Word for word, restate the lines from the top of the records below through the line with "Apartament la casa", both included, with no pictures in the result.

_Caption-style text data_
________________

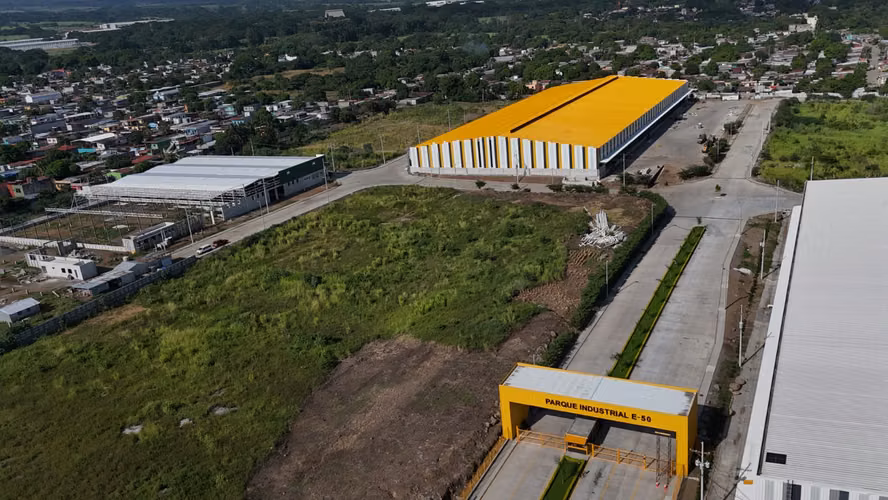 BODEGAS INDUSTRIALES EN RENTA – DESDE 3,630 m² UBICADA DENTRO DE COMPLEJO INDUSTRIAL ESCUINTLA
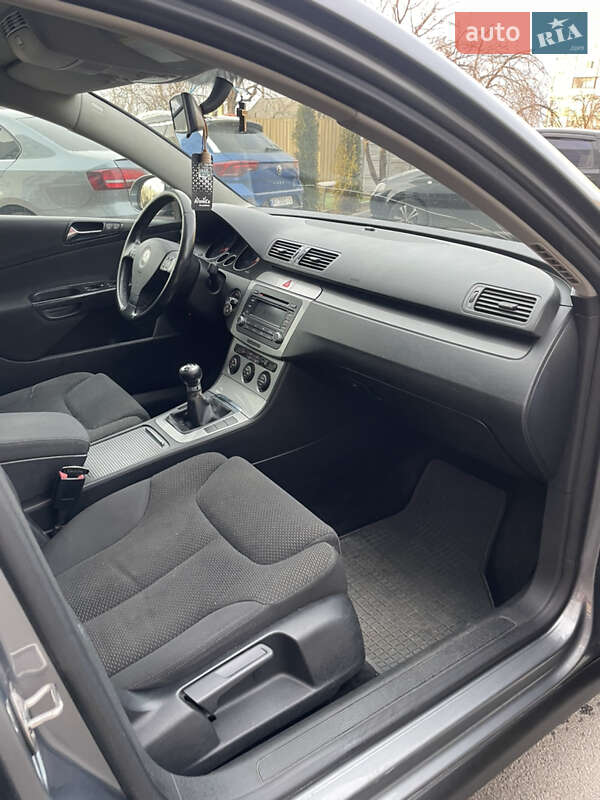 Универсал Volkswagen Passat 2006 в Мироновке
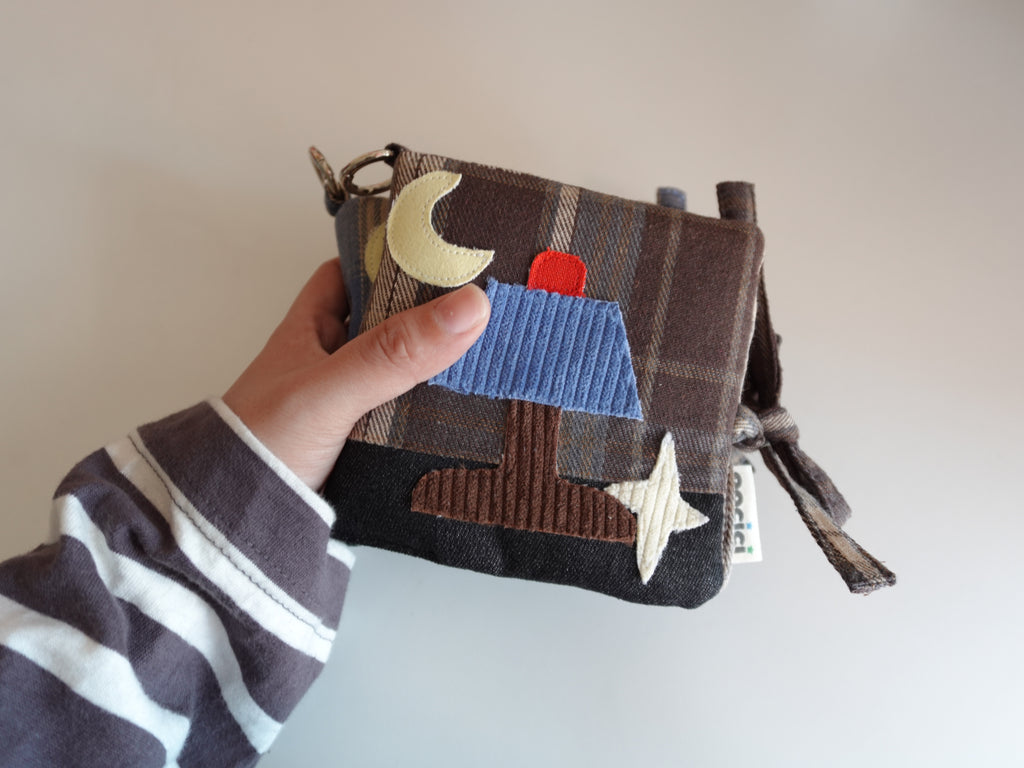 “The Lamp” – Fabric Polaroid Foto Album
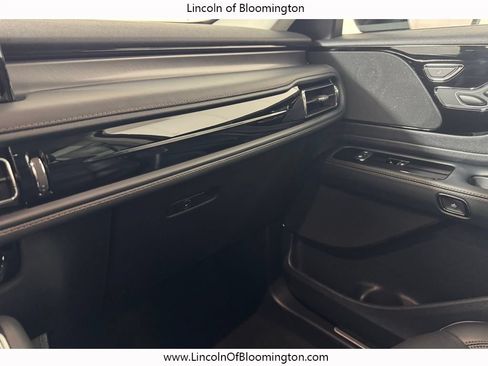 New 2026 Lincoln Aviator AWD w/ Jet Appearance Package image 47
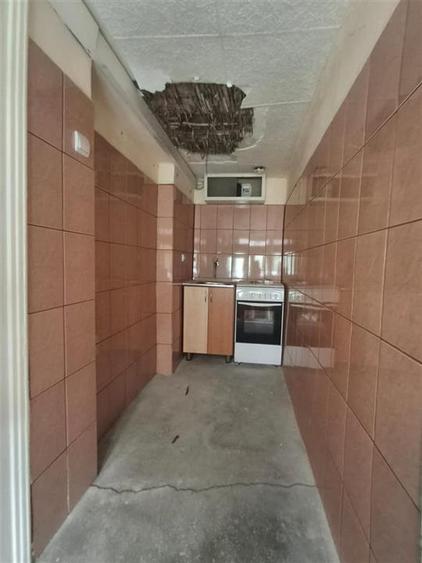 Apartament la casa 2 camere pivnita parcare zona Terezian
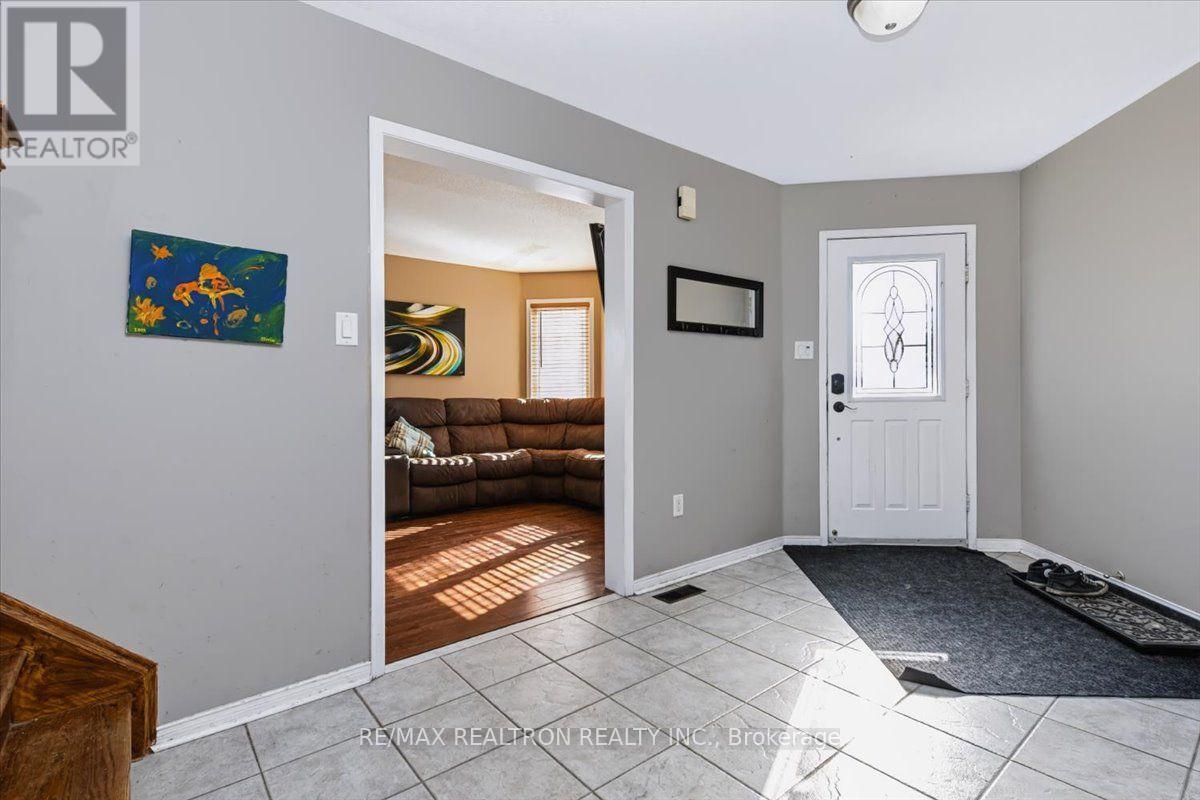 5 Widgeon Street, Barrie, Ontario  L4N 8W7 - Photo 3 - S14101150
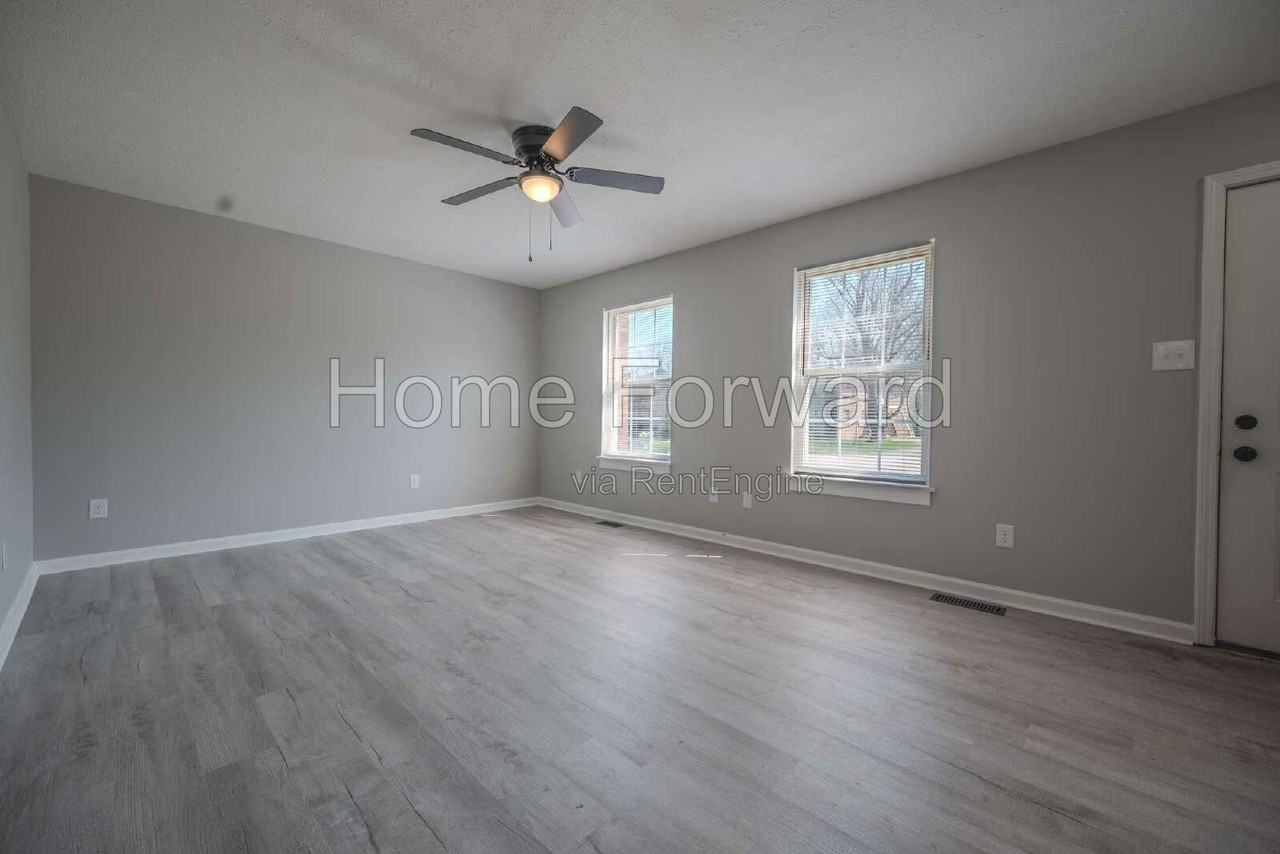 106 Bourbon Hills Dr - Photo 4 of 17
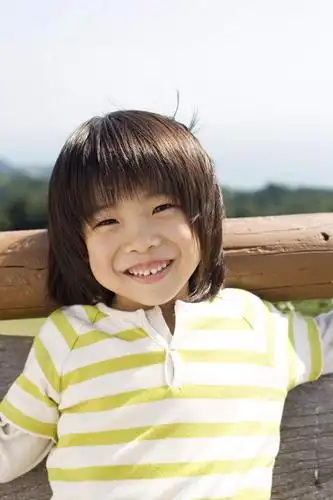 一个人,阴影,条纹,服装,光线,影子,注视,休闲装,黄种人,树,树木,小孩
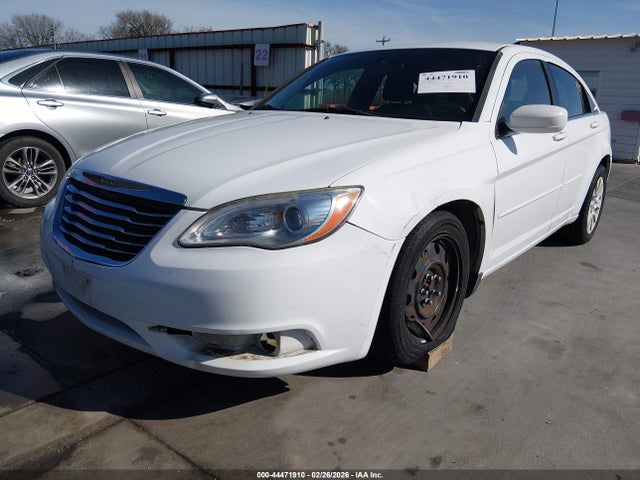Aukcja sprzedaży 2012 Chrysler 200 Lx, vin: 1C3CCBAB4CN240812, numer aukcji: 44471910
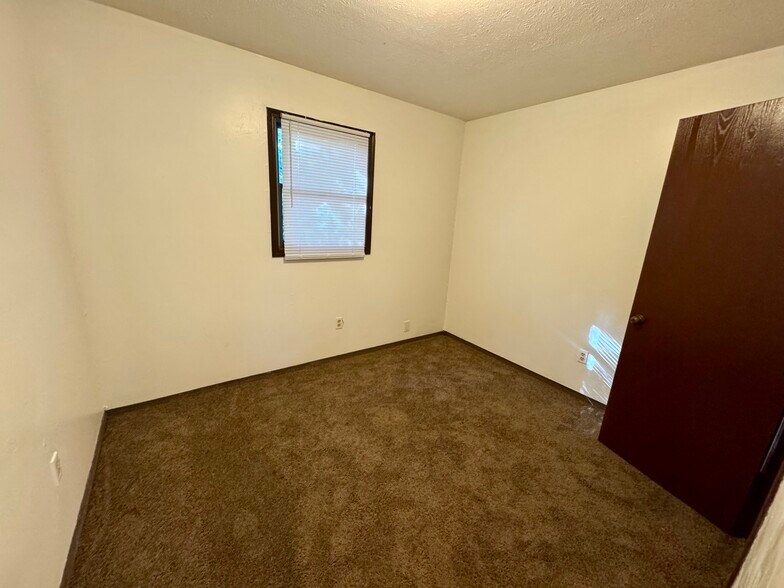 More Photos Of , Cahokia Multifamily For Sale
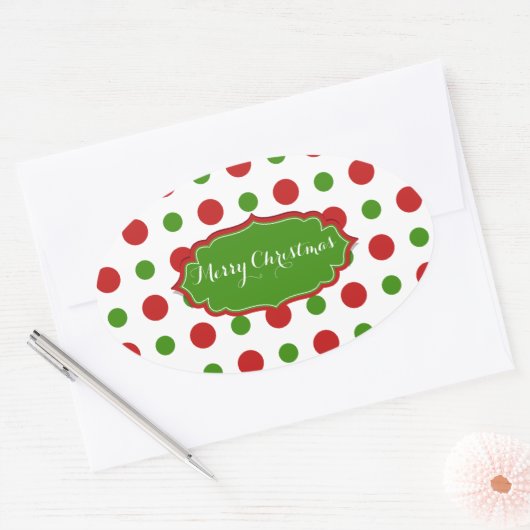 Farbige Weihnachtsrot-grüne Punkte Ovaler Aufkleber (Umschlag)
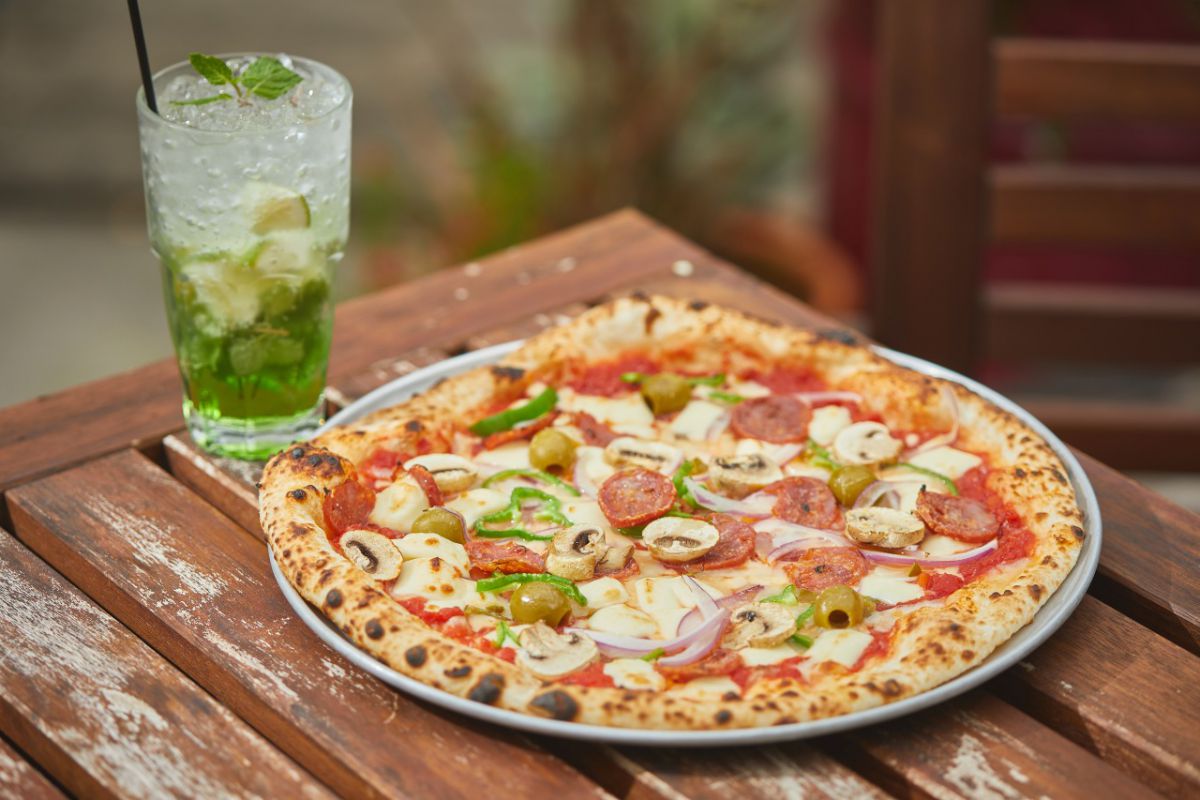 パンチョミックス1550円とアップルミントソーダ550円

________________

_RESULT FOR THIS EXERCISE_
 BODEGAS INDUSTRIALES EN RENTA – DESDE 3,630 m² UBICADA DENTRO DE COMPLEJO INDUSTRIAL ESCUINTLA
 Универсал Volkswagen Passat 2006 в Мироновке
 “The Lamp” – Fabric Polaroid Foto Album
 New 2026 Lincoln Aviator AWD w/ Jet Appearance Package image 47
 Apartament la casa 2 camere pivnita parcare zona Terezian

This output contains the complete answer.